Bislang ist nur eine konkrete Zahl bekannt: In den ersten  zehn Minuten nach dem Start der Vorbestellungen Ende Februar wurden laut HTCs VR-Spezialist Shen Ye rund 15.000 Einheiten bestellt. Ein weiterer Fingerzeig auf den bisherigen Verkaufserfolg der Vive-Brille ist die installierte Software bei Steam. Diese kann man mit der Software Steamspy ermitteln.

Das Spiel “Job Simulator” liegt jeder Vive-Brille kostenlos bei, läuft ausschließlich mit HTC Vive und wurde am 5. April, also exakt zum Launch der VR-Brille, bei Steam online gestellt. Job Simulator hat laut SteamSpy aktuell rund 30.000 Besitzer. Der Verdacht liegt nahe, dass diese Besitzer in erster Linie Vorbesteller sind, die ihren kostenlosen Key bei Steam bereits eingelöst haben. Die tatsächliche Zahl an ausgelieferten VR-Brillen könnte sogar noch einen Tick höher liegen, da sicher nicht alle Nutzer den Code einlösen. Geht man von einer Abrufquote von circa 80 Prozent aus, könnten also rund 35.000 Vive-Brillen im Besitz von Endkunden sein. Hinzu kommen Kunden aus China, die ihre Spiele nicht über Steam beziehen können.
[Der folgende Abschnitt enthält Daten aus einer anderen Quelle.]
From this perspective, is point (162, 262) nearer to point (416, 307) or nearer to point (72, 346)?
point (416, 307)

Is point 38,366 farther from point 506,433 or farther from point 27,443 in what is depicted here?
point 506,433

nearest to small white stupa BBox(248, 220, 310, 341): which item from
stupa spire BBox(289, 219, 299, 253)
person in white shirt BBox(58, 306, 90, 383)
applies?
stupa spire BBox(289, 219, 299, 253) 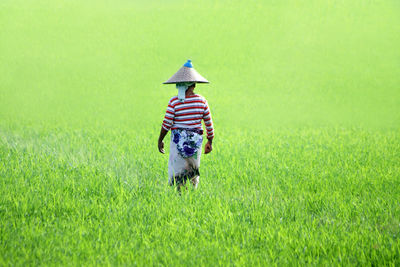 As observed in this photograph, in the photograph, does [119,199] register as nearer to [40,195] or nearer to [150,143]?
[40,195]

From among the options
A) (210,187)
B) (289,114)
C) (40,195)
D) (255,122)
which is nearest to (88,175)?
(40,195)

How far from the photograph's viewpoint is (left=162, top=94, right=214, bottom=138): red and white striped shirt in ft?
16.6

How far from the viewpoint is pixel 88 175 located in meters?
6.18

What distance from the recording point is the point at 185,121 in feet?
16.7

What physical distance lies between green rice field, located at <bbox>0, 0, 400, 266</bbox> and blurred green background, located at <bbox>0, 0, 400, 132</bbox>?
0.35 ft

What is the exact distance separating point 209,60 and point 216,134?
10.8m

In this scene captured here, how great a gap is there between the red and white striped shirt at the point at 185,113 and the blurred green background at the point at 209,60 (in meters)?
6.35

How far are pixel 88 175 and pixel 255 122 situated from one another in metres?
7.82

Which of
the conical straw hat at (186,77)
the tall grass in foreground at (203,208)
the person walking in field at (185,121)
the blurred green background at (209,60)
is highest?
the blurred green background at (209,60)

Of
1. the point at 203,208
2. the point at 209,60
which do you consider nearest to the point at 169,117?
the point at 203,208

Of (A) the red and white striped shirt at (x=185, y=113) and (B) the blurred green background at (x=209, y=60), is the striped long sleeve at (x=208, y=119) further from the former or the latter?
(B) the blurred green background at (x=209, y=60)

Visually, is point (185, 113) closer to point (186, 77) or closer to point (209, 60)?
point (186, 77)

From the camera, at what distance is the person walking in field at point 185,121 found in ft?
16.5

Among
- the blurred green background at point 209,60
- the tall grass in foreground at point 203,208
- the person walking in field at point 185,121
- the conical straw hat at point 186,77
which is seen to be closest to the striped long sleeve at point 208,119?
the person walking in field at point 185,121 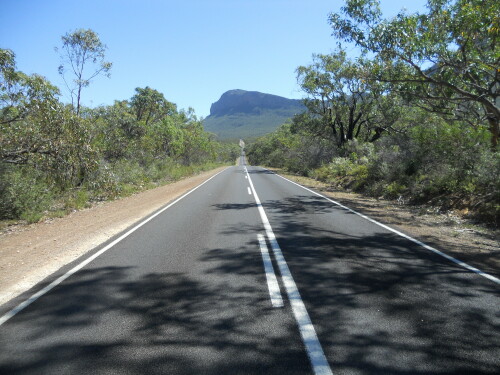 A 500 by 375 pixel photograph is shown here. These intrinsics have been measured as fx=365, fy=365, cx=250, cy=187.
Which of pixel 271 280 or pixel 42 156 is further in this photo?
pixel 42 156

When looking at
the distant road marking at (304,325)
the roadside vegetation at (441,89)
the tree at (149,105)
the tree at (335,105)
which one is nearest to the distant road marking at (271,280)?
the distant road marking at (304,325)

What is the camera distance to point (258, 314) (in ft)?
13.5

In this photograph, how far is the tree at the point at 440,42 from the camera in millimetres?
10844

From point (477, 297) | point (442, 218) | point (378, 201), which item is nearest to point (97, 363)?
point (477, 297)

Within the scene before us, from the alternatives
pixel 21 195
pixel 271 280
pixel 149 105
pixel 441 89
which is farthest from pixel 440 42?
pixel 149 105

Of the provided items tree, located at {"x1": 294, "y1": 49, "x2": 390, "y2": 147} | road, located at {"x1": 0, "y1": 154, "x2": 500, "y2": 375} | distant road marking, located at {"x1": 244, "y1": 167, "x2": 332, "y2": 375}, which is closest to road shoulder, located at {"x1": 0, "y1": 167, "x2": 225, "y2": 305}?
road, located at {"x1": 0, "y1": 154, "x2": 500, "y2": 375}

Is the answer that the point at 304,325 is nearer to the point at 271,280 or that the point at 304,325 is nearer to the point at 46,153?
the point at 271,280

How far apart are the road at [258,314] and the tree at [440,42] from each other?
738cm

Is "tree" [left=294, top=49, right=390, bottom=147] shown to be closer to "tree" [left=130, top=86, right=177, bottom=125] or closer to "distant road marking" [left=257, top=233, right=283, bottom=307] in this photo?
"tree" [left=130, top=86, right=177, bottom=125]

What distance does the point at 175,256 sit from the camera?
658 cm

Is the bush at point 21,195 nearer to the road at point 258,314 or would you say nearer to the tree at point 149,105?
the road at point 258,314

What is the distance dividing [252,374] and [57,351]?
1.86 metres

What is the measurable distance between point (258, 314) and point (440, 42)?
1159cm

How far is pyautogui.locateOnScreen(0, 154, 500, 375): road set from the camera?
3.21 m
Nicht eingerechnet sind die zahlreichen Entwicklerversionen, die schon länger im Umlauf sind. Die beiden ebenfalls kostenlosen und der VR-Brille beigelegten Apps “Fantastic Contraption” und “Tilt Brush” haben laut SteamSpy rund 50.000 Besitzer, sind aber schon deutlich länger bei Steam verfügbar und wurden auch von vielen Entwicklern installiert – das verzerrt die Statistik. Natürlich könnten auch unter den 30.000 Job-Simulator-Besitzern Entwickler sein, die das Spiel regulär gekauft haben.

Die Zahlen können daher nur als grober Richtwert dienen, zeigen aber in jedem Fall deutlich: Der VR-Markt ist noch eine enge Nische und HTC Vive ist eine Nische in der Nische. Zum Vergleich: Sonys PS4-Konsole hatte allein eine Million Vorbestellungen und konnte zwischen dem Launch im August 2013 und Dezember 2013 weltweit rund 4.5 Millionen Mal verkauft werden.
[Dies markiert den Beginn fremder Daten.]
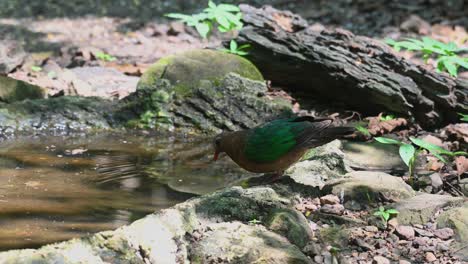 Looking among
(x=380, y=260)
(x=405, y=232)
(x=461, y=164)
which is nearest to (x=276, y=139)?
(x=405, y=232)

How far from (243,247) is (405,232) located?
1.03 metres

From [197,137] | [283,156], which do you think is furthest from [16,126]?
[283,156]

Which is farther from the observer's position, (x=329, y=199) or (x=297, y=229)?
(x=329, y=199)

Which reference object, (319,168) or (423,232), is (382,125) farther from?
(423,232)

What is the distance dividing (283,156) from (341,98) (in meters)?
2.33

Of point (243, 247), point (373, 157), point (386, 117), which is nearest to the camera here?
point (243, 247)

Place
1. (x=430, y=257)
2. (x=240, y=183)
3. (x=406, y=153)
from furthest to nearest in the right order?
(x=240, y=183) < (x=406, y=153) < (x=430, y=257)

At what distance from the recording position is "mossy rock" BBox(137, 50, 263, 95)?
6488 mm

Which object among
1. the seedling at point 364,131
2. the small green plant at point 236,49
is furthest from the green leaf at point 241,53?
the seedling at point 364,131

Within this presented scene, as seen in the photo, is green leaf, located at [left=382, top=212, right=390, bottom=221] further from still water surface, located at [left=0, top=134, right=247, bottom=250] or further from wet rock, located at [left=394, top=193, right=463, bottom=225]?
still water surface, located at [left=0, top=134, right=247, bottom=250]

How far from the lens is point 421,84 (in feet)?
20.5

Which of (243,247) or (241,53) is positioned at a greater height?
(243,247)

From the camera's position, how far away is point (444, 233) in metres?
3.90

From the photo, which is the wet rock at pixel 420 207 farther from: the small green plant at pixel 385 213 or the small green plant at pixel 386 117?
the small green plant at pixel 386 117
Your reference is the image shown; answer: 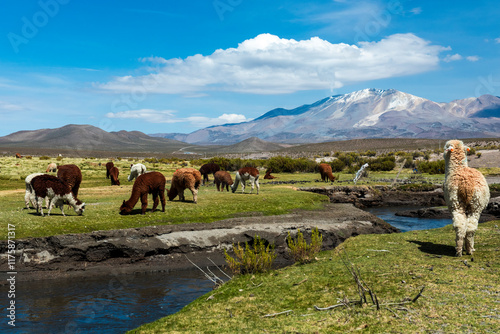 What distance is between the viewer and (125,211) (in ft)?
64.7

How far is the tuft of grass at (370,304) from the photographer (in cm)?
711

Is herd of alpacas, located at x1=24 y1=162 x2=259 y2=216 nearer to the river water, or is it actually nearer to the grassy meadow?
the grassy meadow

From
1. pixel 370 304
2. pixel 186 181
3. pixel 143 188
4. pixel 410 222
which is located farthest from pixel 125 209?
pixel 410 222

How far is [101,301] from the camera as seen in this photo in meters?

Eine aktuelle Marktanalyse geht davon aus, dass Oculus VR und HTC gemeinsam rund eine Million VR-Brillen bis Jahresende verkaufen können. Sony soll im letzten Quartal immerhin circa 2,6 Millionen Einheiten von Playstation VR an den Handel ausliefern. HTC hofft derweil darauf, dass die neue VR-Branche schnell genug wächst, um das schwächelnde Smartphone-Business aufzufangen.